Last matchup: UVA 11, UNC 10; 4/9/11; Charlottesville

Last game: UVA 12, Md. 8 (3/31); UNC 13, JHU 9 (4/1)

Efficiency stats:

Faceoff %:
UVA: 57.3%
UNC: 59.9%

Clearing %:
UVA: 90.2% (off.), 85.4% (def.)
UNC: 90.0% (off.), 79.0% (def.)

Scoring %:
UVA: 38.9% (off.), 29.4% (def.)
UNC: 33.6% (off.), 33.9% (def.)

UVA: 19.66 (3rd of 61)
UNC: 18.26 (6th of 61)

UVA: 12.90 (15th of 61)
UNC: 14.35 (26th of 61)

(Stats explanation: Faceoff and clearing percentage: self-explanatory. Scoring %: percentage of offensive possessions (faceoff wins + successful clears + opp. failed clears) that result in goals. O-rating and D-rating are my own special sauce based on the above numbers.
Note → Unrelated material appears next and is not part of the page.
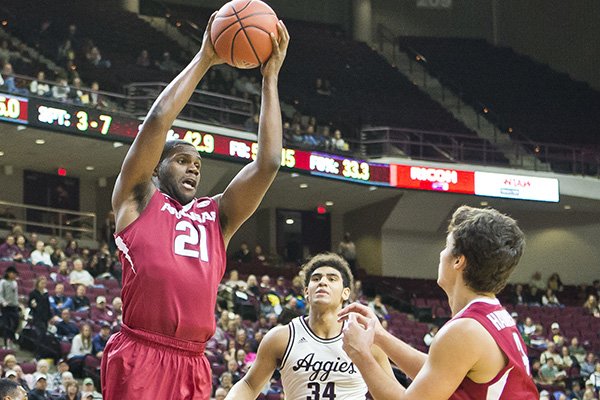 Arkansas guard Manuale Watkins (21) brings down a rebound during an NCAA college basketball game against Texas A&M, Tuesday, Jan. 17, 2017 at Reed Arena in College Station, Texas. (Timothy Hurst/College Station Eagle via AP)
D-I average for each is currently about 14.80. Ratings ARE adjusted for strength of competition.)

Is it bad that we only have a three-game ACC season and my first thought in trying to type the opening paragraph here was, "man, it's kind of the doldrums of the season right now"?  Yes, probably.  It is the main slog of the lacrosse season, sort of the equivalent of early February in basketball, but the way lacrosse goes, what you've got is the gauntlet of basically equally difficult games in the middle of the lacrosse world spotlight, so I really should stop whining.  It's much better than in basketball where we have to keep toggling our thinking between "we're gonna get killed" and "we should smoke these clowns but OMG what if we don't."

-- UVA on offense

What jumps out on the stat sheet here is UNC's pedestrian D-rating, which makes them a defense that's only slightly better than average.  It comes from things like allowing 10 goals each to the likes of Penn and Dartmouth.  The latter is 47th of 61 teams with a 13.17 O-rating; remember, the average is about 14.80.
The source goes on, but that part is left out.